The office bully has an array of weapons at his disposal, ranging from the subtle silent treatment to not-so-subtle verbal ridicule, the effects of which can ripple through the workplace.

A new study finds that while nearly 30 percent of U.S. workers have endured a punishing boss or co-worker, many individuals would not label themselves as bully targets. For those who do, it's not just the bully victim who feels the heat. Witnesses in nearby cubicles are affected and show an increase in stress and overall dissatisfaction with their jobs.

The prevalence of bullying in the American workplace tops the rates found in Scandinavian countries and is on par with those in Great Britain, the scientists found.

The study, published in the June 2007 issue of the Journal of Management Studies, adds to a growing body of research into the dynamics and effects of workplace bullying, including an investigation by the same team that found that victims of bullying feel like they are fighting a battle.

Been bullied?

The scientists, led by Pamela Lutgen-Sandvik of the University of New Mexico, conducted an online survey that included general workplace questions as well as those specific to bullying.

During the survey, the 400 U.S. workers who participated, including 266 women and 134 men, ranked how often they had experienced a list of 22 negative acts in the past six months, on a scale ranging from never to daily. Participants then read a definition of workplace bullying and were asked whether they considered themselves targets of bullies. Those who answered "no" were asked if they had witnessed bullying based on the given definition over the past six months.

While a blood-pumping harangue from a boss can send many an employee into victim mode, feeling they are being bullied, the authors stress that certain criteria must be met for behavior to be considered bullying.

The definition given to respondents stated that bullying occurs when an individual experiences at least two negative acts, weekly or more often, for six or more months, in situations where targets find it difficult to defend against and stop the abuse.

The sample included people from all age groups, and from various industries, including agriculture, art, information, real estate, and utilities. Women, individuals aged 35 to 44 and workers in white-collar industries were somewhat overrepresented, the researchers note.

Ripple effects

Lutgen-Sandvik and her colleagues found that nearly 30 percent of the participants met criteria for being "bullied." But less than 10 percent of those respondents labeled themselves as bully targets. One reason for the discrepancy has to do with the subtlety of abusive acts toward another employee.

"Bullying, by definition, is escalatory. This is one of the reasons it's so difficult to prevent it, because it usually starts in really small ways," said study team member Sarah Tracy, director of the Project for Wellness and Work-Life at Arizona State University.

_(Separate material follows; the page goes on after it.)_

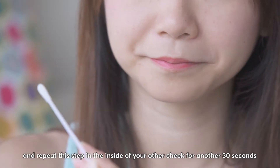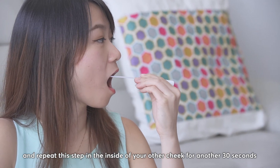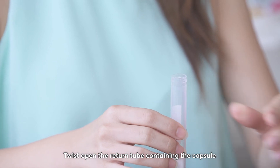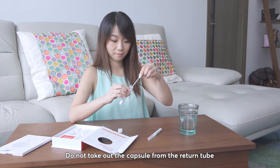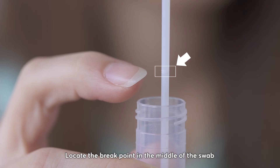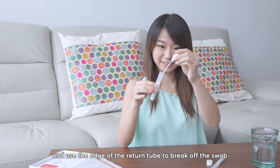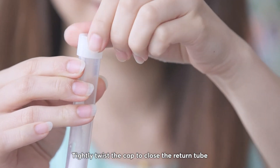Use the same swab and repeat this step on the inside of your other cheek for another 30 seconds. Twist open the return tube containing the capsule and carefully place the swab inside. Do not take out the capsule from the return tube. Locate the break point in the middle of the swab and use the edge of the return tube to break off the swab. Tightly twist the cap to close the return tube.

Another factor might be that bullying is a phenomenon just creeping into people's vocabulary as the research and education on the topic burgeons. For instance, Tracy explained, before the term "sexual harassment" was in the American lexicon, people didn't identify the behavior as such.

Until recently, the term "bully" has been used to describe the schoolyard tyrant, which is kid stuff. So identifying yourself as a victim of a playground act can make a person feel weak and childish.

Co-workers on the sidelines of the bully battle, as identified in the online survey, had higher stress levels and a greater dissatisfaction with their jobs compared with those who were not exposed to bullying.

"Witnesses describe seeing others psychologically terrorized as the equivalent to watching a mugging every day and being unable to stop it," Lutgen-Sandvik told LiveScience. "They feel deep pain for their colleagues. Some get involved and try to help and are either targeted as a result or feel deep disappointment, anger, and shock that little is done to stop the abuse."

Bust the bully

The scientists describe this scale of bullying intensity as analogous to sunburns, in which low levels of abuse, like first-degree sunburns, can cause damage over time but are typically quick to heal. At the other end of the spectrum, the most extreme cases of bullying are similar to third-degree sunburns that often leave behind deep scars and permanent damage. Targets of extreme bullying can end up with permanent psychological damage, stress disorders, increased risk of heart disease and even thoughts of suicide.

While certain personality types could be more prone to foster bullying behavior, the scientists say the structure of American workplaces could be partially to blame for breeding bullies. "There are a number of workplace cultures that encourage bullying because of high levels of competition," Tracy said.

Re-structuring the workplace could be a hefty order, so the scientists developed tactics to guide bully victims in telling their stories to decision makers. "If they want to change their situation, and they have a half an hour in the human resources office, this is the way you have to tell your story," Tracy explained in a telephone interview.

Based on prior research in which bully victims told their stories, Tracy and her colleagues put together tactics to bust an office bully. The tactics include telling a rational, linear story that's chock full of vivid details.